Enfin, beaucoup de questions tourneront autour du thème de l'indépendance de la Fed lors de cette conférence de presse, d'autant plus que S. Miran et L. Cook ont tous les deux pu participer aux délibérations. La probabilité que le nouveau membre nommé par D. Trump vote contre la décision de diminuer les taux directeurs de 25 pb est non négligeable alors que celui-ci pourrait être tenté de marquer clairement son désaccord avec le reste des membres et contenter le président américain en votant pour une baisse plus rapide de 50 pb. Il n'est pas non plus exclu que d'autres membres le suivent dans cette voie, en particulier C. Waller et M. Bowman, ce qui constituerait un signal fort quant au biais résolument dovish d'une banque centrale américaine de plus en plus influencée par D. Trump.

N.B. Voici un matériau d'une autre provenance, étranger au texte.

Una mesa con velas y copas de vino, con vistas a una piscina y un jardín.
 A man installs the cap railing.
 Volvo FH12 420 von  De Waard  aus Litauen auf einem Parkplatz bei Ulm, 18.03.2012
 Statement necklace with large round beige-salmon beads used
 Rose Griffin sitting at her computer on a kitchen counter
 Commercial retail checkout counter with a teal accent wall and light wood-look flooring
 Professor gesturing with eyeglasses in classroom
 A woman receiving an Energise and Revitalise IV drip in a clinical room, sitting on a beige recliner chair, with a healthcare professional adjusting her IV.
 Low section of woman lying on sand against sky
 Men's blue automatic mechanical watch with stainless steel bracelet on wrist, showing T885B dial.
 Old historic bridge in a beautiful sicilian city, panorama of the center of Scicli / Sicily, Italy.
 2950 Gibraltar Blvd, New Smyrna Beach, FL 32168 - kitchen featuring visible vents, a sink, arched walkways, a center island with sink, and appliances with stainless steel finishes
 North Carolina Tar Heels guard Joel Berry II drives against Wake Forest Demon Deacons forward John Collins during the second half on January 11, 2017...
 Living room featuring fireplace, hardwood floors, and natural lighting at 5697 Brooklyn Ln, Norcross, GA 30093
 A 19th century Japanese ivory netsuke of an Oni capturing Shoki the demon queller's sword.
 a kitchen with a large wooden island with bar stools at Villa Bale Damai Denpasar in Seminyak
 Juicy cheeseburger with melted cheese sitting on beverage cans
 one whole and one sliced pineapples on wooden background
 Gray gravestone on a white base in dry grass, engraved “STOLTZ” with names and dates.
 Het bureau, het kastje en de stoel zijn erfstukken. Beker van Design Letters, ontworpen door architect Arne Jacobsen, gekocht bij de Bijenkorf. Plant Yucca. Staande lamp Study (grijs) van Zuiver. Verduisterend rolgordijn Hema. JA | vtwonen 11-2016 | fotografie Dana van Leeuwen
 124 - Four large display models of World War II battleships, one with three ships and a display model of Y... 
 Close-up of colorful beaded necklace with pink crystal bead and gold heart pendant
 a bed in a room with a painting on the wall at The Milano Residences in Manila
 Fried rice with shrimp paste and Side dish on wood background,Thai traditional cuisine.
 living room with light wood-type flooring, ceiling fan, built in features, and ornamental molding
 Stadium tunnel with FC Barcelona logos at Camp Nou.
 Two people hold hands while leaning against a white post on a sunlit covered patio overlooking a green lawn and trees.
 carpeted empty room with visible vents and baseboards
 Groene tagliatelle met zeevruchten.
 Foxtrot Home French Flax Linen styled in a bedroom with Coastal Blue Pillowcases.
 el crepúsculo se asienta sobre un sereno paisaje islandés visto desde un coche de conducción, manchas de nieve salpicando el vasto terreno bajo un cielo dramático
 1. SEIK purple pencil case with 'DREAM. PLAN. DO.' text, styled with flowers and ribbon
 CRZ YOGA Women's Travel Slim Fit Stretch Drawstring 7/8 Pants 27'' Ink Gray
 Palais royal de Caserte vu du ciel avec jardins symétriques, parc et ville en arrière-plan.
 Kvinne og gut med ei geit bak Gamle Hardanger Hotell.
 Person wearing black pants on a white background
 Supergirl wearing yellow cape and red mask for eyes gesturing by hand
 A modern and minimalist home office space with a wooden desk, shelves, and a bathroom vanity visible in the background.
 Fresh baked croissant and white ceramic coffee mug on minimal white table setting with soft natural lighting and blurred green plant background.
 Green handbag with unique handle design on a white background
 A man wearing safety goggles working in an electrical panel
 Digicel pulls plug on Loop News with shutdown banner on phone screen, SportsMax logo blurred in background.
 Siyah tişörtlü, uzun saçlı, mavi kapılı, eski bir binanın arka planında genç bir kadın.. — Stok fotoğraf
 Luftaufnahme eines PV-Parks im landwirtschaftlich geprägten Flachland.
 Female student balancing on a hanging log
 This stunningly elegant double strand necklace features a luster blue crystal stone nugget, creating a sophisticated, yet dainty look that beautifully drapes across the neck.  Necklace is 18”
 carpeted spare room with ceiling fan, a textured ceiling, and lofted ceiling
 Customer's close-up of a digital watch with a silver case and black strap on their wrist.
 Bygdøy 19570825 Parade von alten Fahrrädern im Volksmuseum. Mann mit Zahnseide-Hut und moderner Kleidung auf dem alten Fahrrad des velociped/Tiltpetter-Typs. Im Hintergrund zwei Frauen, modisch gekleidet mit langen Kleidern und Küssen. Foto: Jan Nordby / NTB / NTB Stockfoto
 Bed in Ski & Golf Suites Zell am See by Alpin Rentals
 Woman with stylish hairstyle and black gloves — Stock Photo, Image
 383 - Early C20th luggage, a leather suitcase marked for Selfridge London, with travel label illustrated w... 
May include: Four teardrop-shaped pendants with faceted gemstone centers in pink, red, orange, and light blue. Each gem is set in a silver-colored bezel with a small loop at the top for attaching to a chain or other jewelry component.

En dépit de cette posture accommodante de la Fed, les attentes trop agressives des investisseurs nous incitent à maintenir notre neutralité sur les taux souverains. Plus précisément, au sein de nos poches d'allocation obligataires, nous continuons d'être diversifié sur la duration, détenant à la fois des emprunts d'états US et de la zone euro tandis que nous demeurons investis sur des stratégies de portage sur le crédit haut rendement et dettes émergentes notamment. Nous conservons par ailleurs notre vue plutôt prudente sur les marchés d'actions. Les valorisations de ces derniers évoluent en effet à des niveaux très élevés, en particulier aux Etats-Unis où elles sont revenues autour des points hauts de 2021, ce qui intègre déjà un scénario du meilleur des deux mondes, où la Fed assouplit sa politique monétaire de manière significative tout en ayant une économie américaine qui continue de bien se tenir. Sur le long cours, nous restons négatifs sur le dollar même si, à plus court terme, nous reconnaissons que la baisse du billet vert de ces derniers jours liée probablement aux remous au sein du Board des gouverneurs devrait se normaliser, d'autant que nous ne notons pas de mouvement notable sur les taux courts américains pouvant justifier cet accès de faiblesse sur le dollar.